Information shown »
-- Opening Marker --

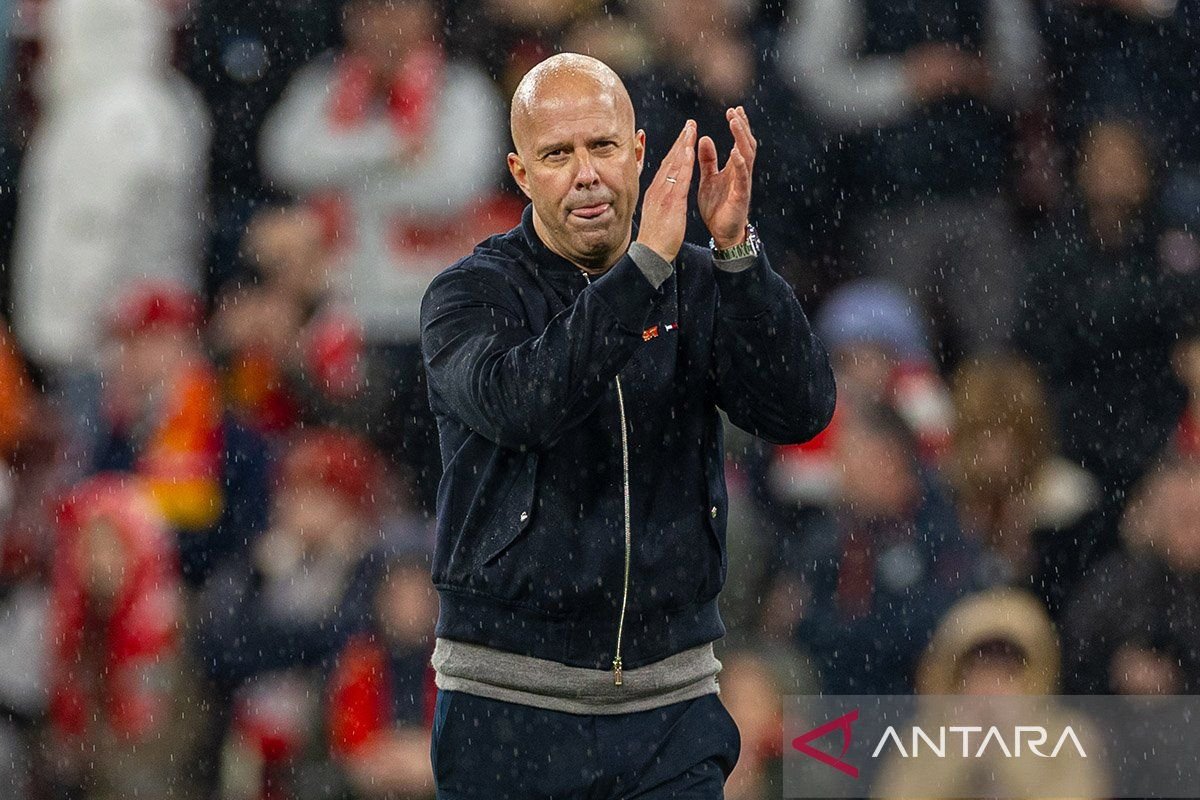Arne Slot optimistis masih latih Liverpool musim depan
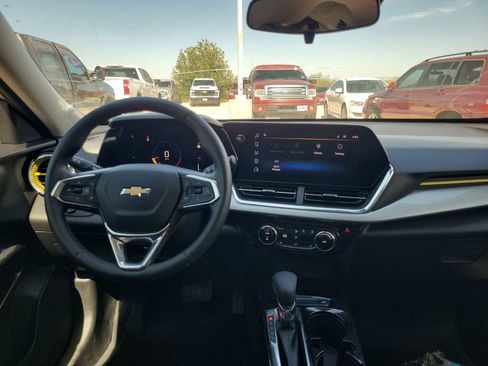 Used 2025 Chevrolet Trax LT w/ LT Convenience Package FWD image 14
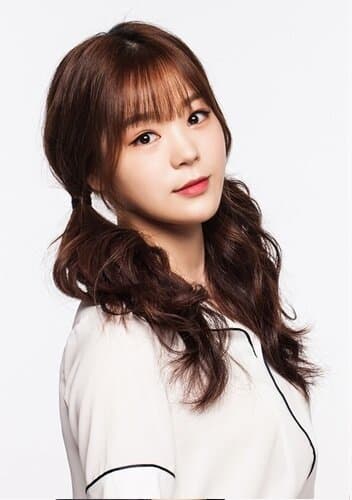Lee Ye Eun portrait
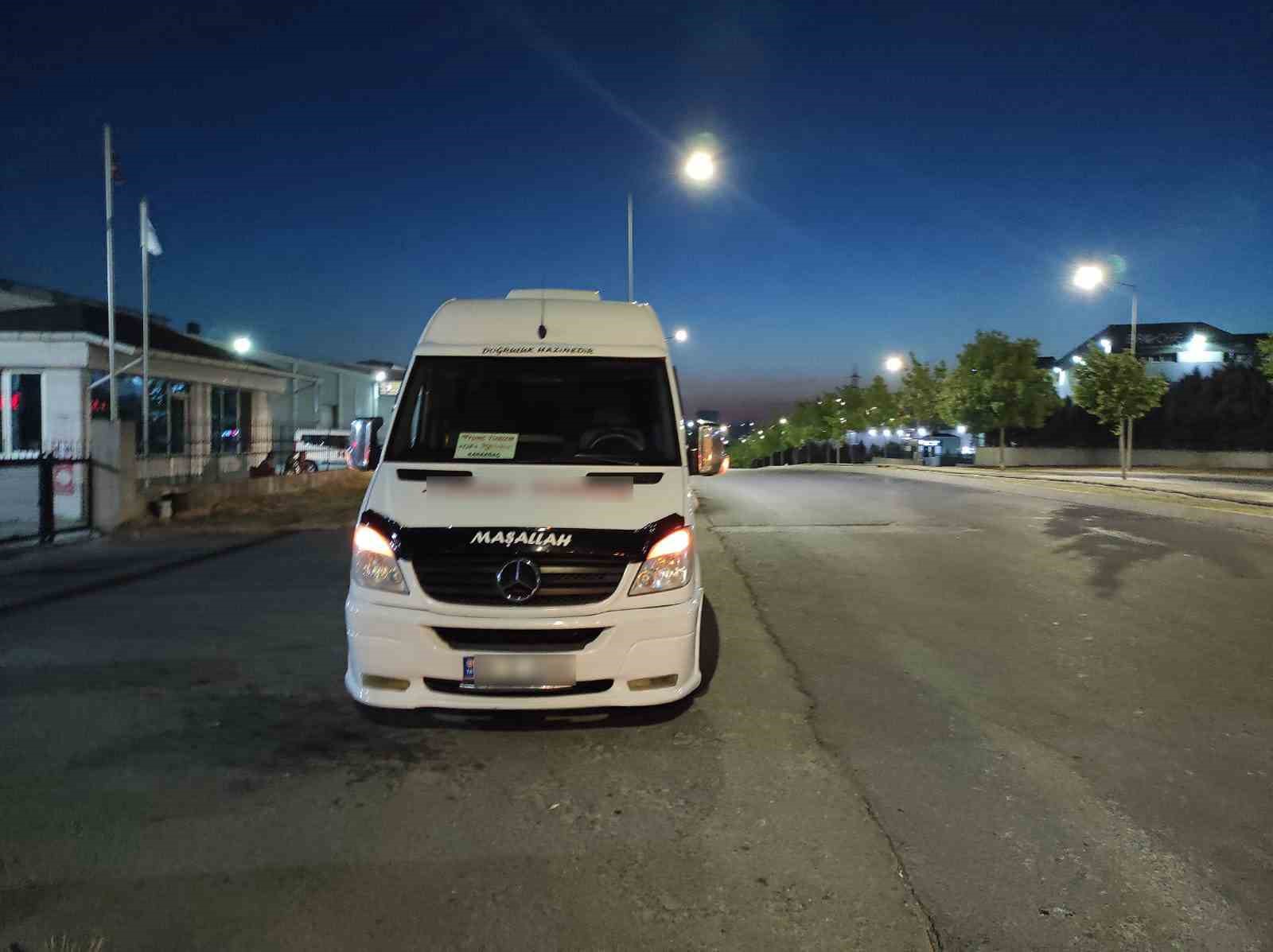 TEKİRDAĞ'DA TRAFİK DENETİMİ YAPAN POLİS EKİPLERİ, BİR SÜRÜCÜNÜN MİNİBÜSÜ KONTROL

-- Closing Marker --
-- Opening Marker --

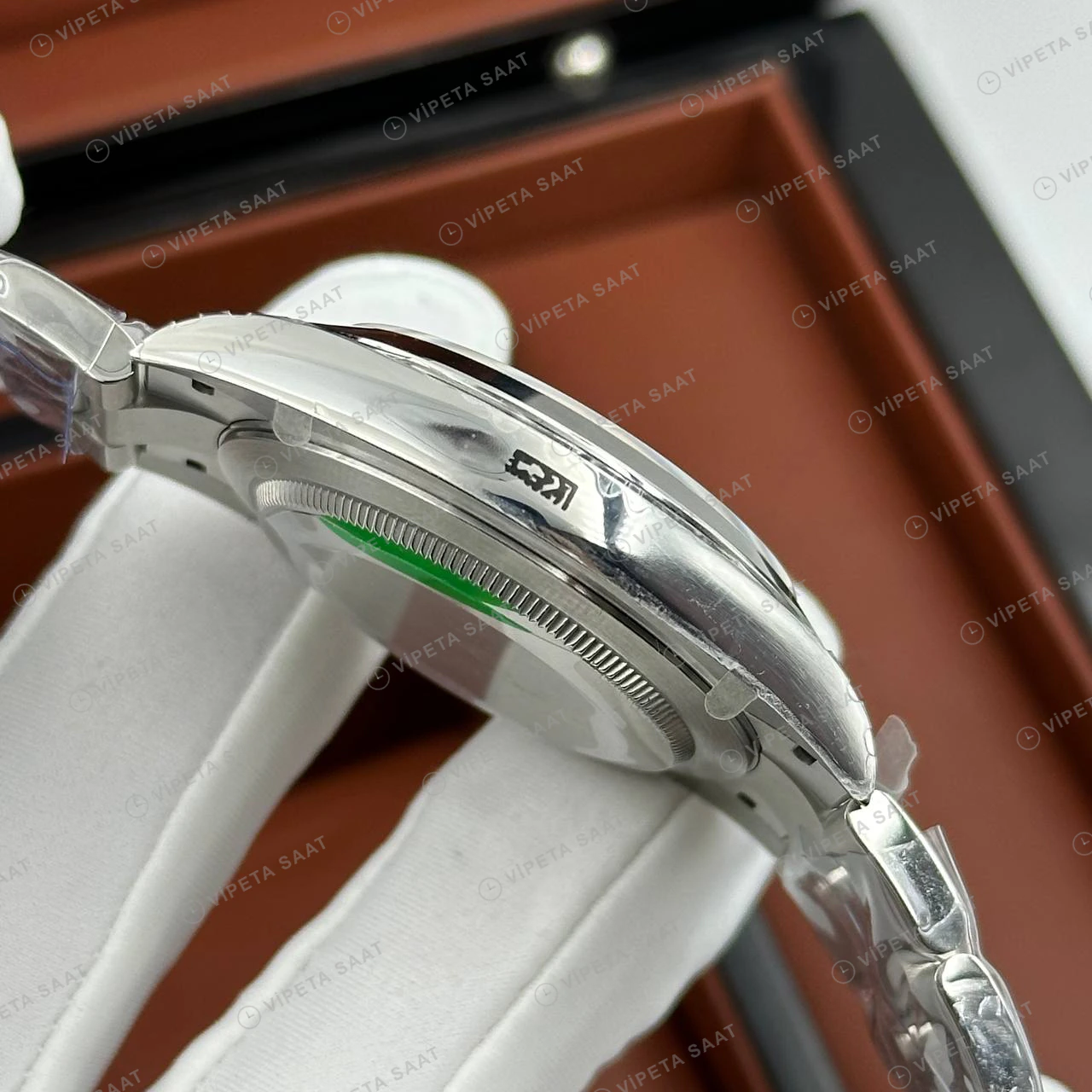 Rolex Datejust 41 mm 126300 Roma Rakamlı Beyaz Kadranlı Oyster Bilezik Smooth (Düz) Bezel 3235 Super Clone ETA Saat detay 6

-- Closing Marker --

Exercise instructions » In the listing above, find the line with "Used 2025 Chevrolet" and the line with "TEKİRDAĞ'DA TRAFİK DENETİMİ". Set down exactly those lines and everything between them, skipping pictures.

Result of the task »
 Used 2025 Chevrolet Trax LT w/ LT Convenience Package FWD image 14
Lee Ye Eun portrait
 TEKİRDAĞ'DA TRAFİK DENETİMİ YAPAN POLİS EKİPLERİ, BİR SÜRÜCÜNÜN MİNİBÜSÜ KONTROL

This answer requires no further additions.